[MATERIAL SUPPLIED Boundary: Start]

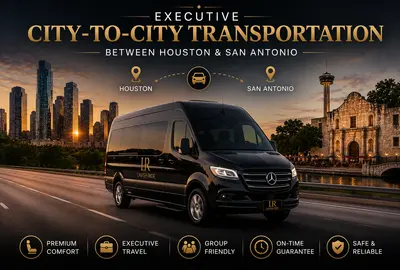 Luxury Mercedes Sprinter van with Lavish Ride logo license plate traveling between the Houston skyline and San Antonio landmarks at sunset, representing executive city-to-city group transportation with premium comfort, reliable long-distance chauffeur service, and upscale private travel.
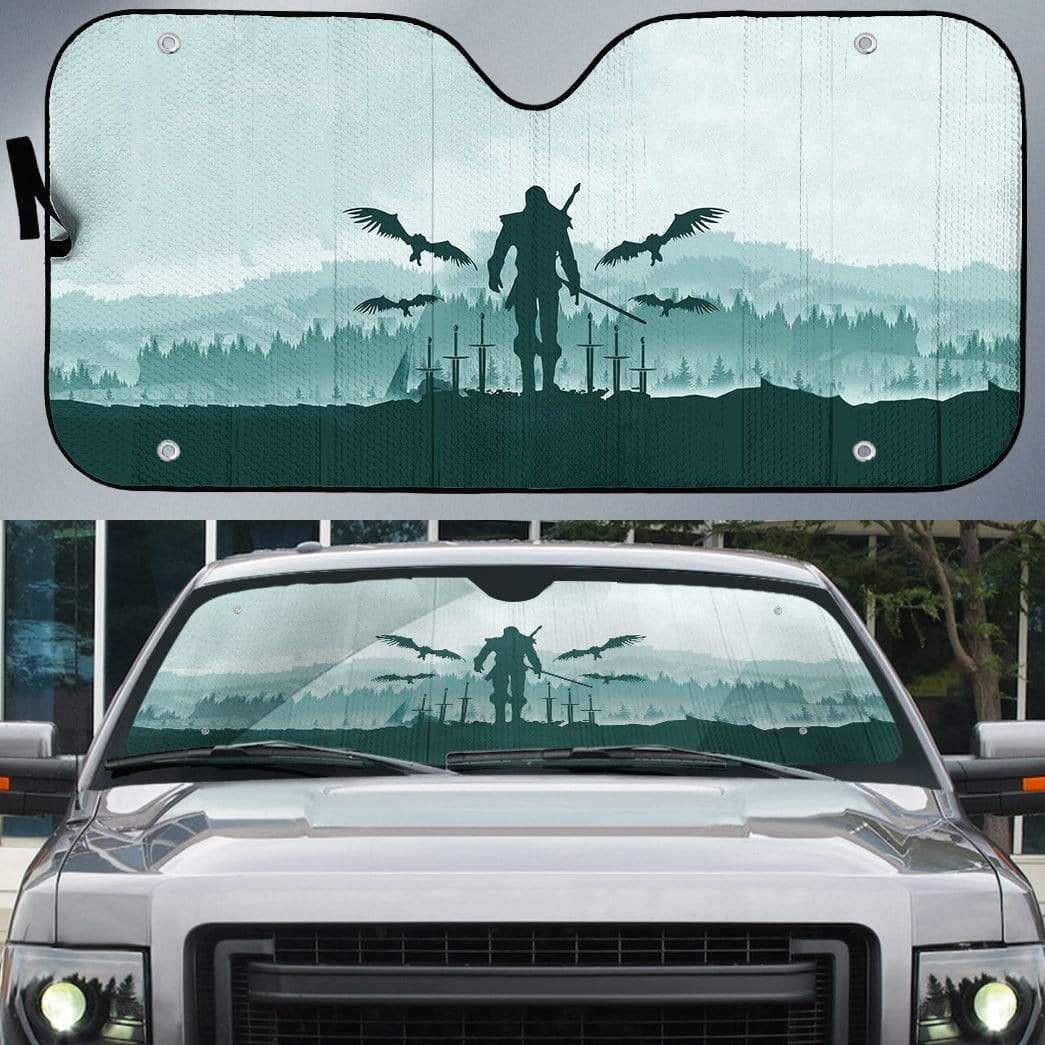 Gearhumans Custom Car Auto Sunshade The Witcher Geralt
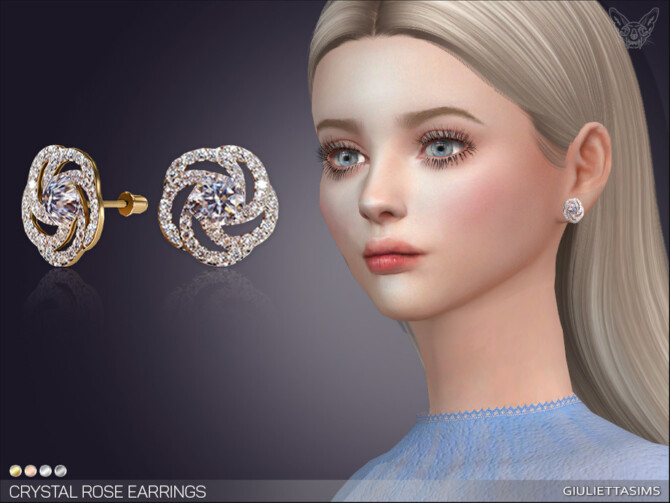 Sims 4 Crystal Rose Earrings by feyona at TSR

[MATERIAL SUPPLIED Boundary: End]
[MATERIAL SUPPLIED Boundary: Start]

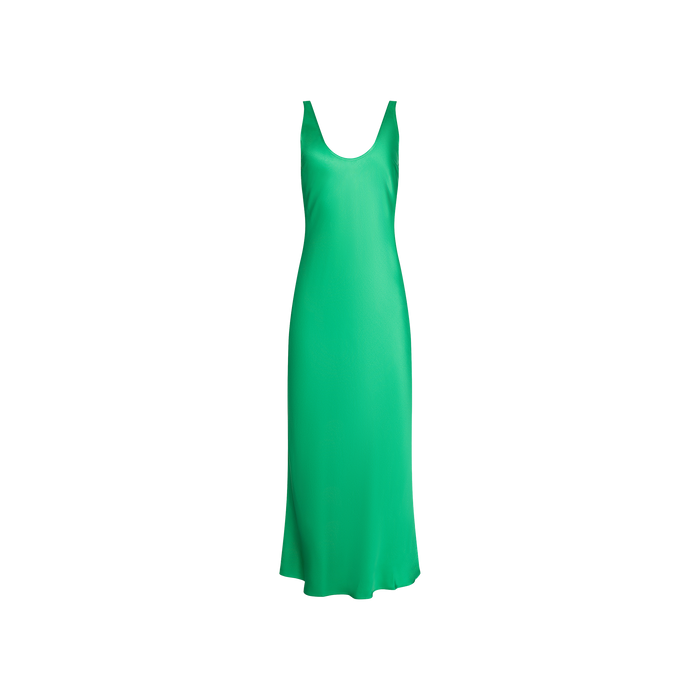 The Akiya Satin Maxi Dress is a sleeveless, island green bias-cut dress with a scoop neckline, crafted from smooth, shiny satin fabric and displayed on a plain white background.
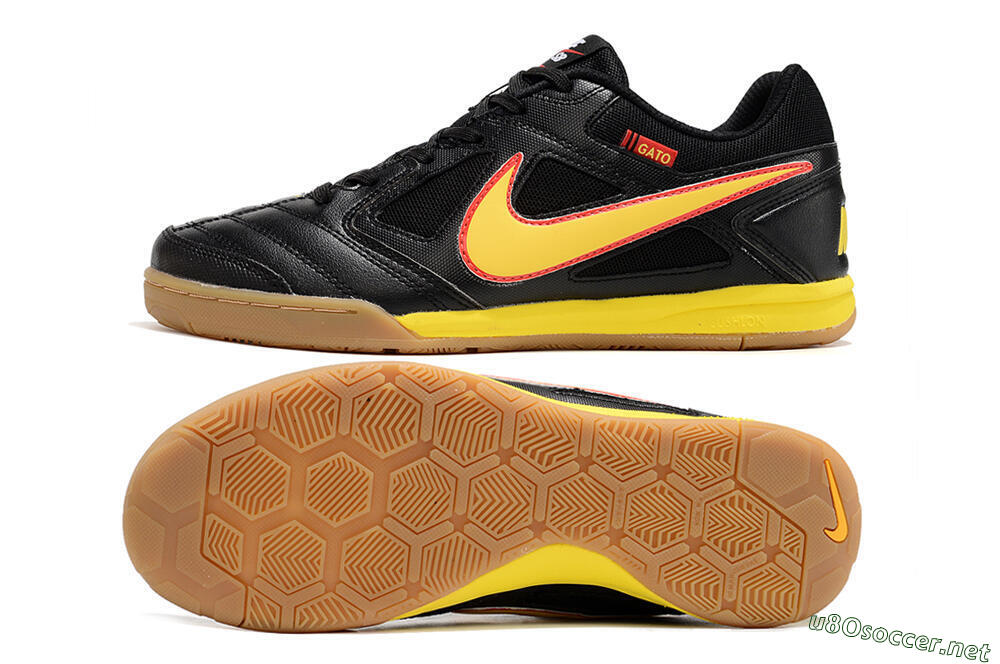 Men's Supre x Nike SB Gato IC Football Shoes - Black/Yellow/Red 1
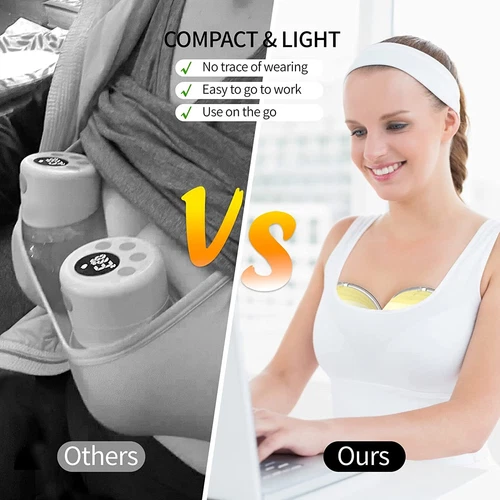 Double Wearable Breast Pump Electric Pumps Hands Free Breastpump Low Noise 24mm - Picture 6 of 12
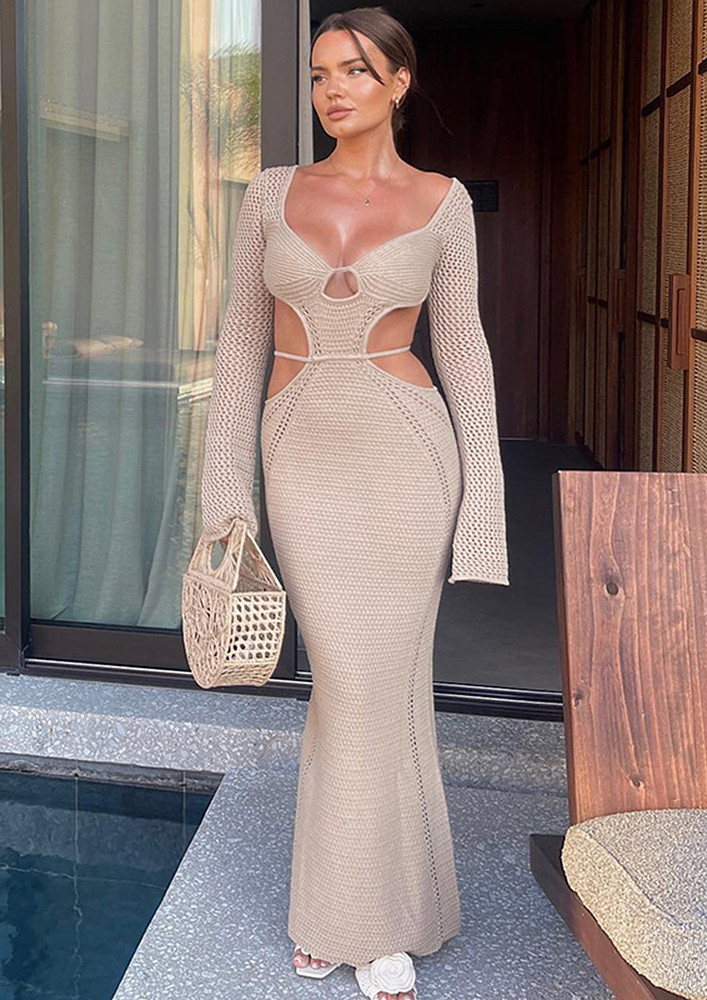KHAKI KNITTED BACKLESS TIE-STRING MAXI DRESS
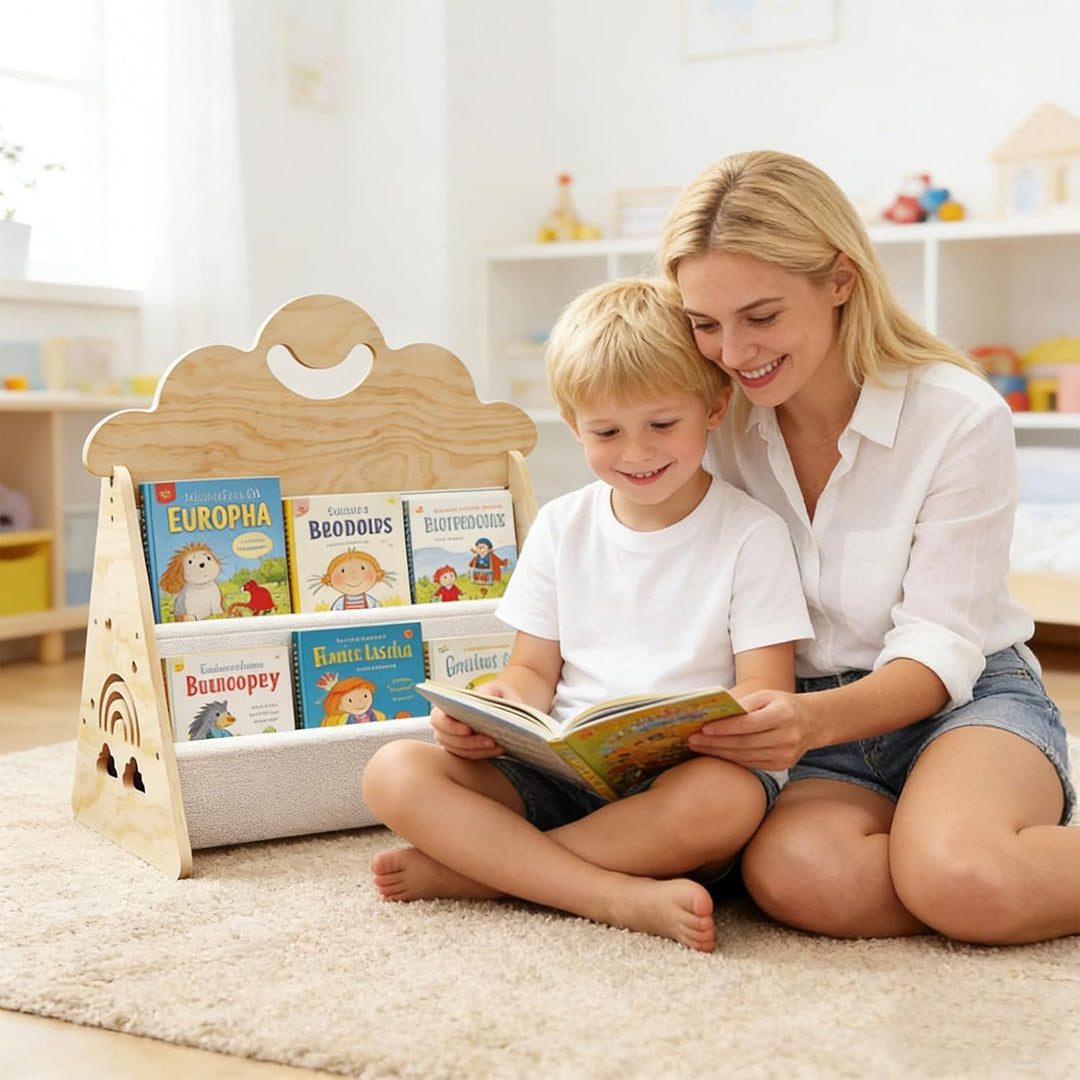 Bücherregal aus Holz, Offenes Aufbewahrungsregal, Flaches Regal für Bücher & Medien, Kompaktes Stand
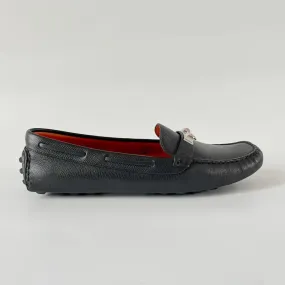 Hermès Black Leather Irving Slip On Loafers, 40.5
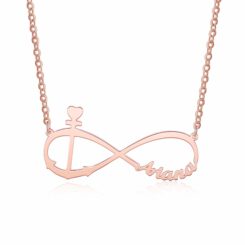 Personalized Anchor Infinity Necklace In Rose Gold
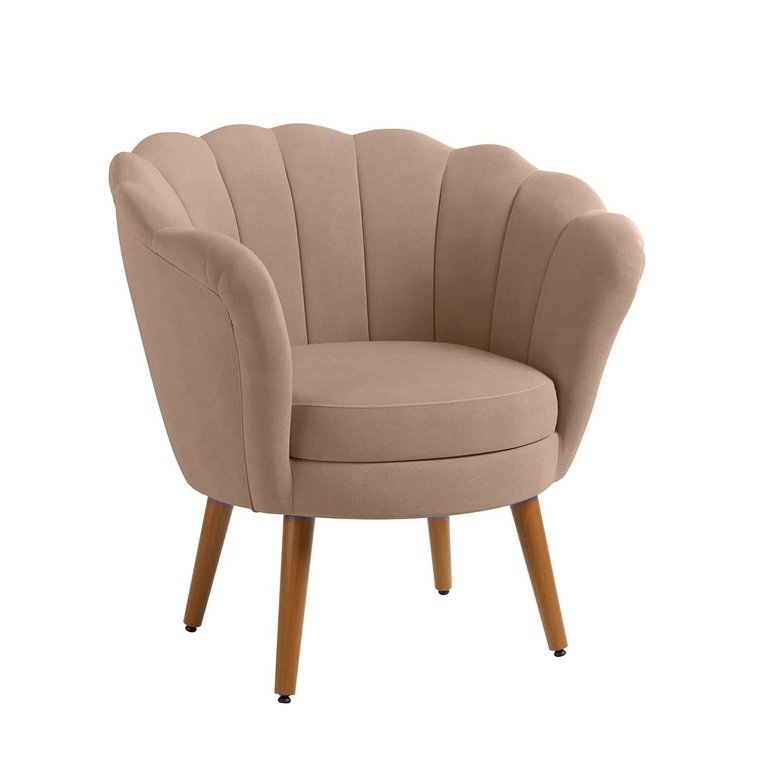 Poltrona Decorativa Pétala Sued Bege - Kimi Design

[MATERIAL SUPPLIED Boundary: End]

_YOUR TASK_
Take the lines above starting at the one containing "Luxury Mercedes Sprinter" and ending at the one containing "Sims 4 Crystal", and print them again exactly, without pictures.

_TASK RESULT_
 Luxury Mercedes Sprinter van with Lavish Ride logo license plate traveling between the Houston skyline and San Antonio landmarks at sunset, representing executive city-to-city group transportation with premium comfort, reliable long-distance chauffeur service, and upscale private travel.
 Gearhumans Custom Car Auto Sunshade The Witcher Geralt
 Sims 4 Crystal Rose Earrings by feyona at TSR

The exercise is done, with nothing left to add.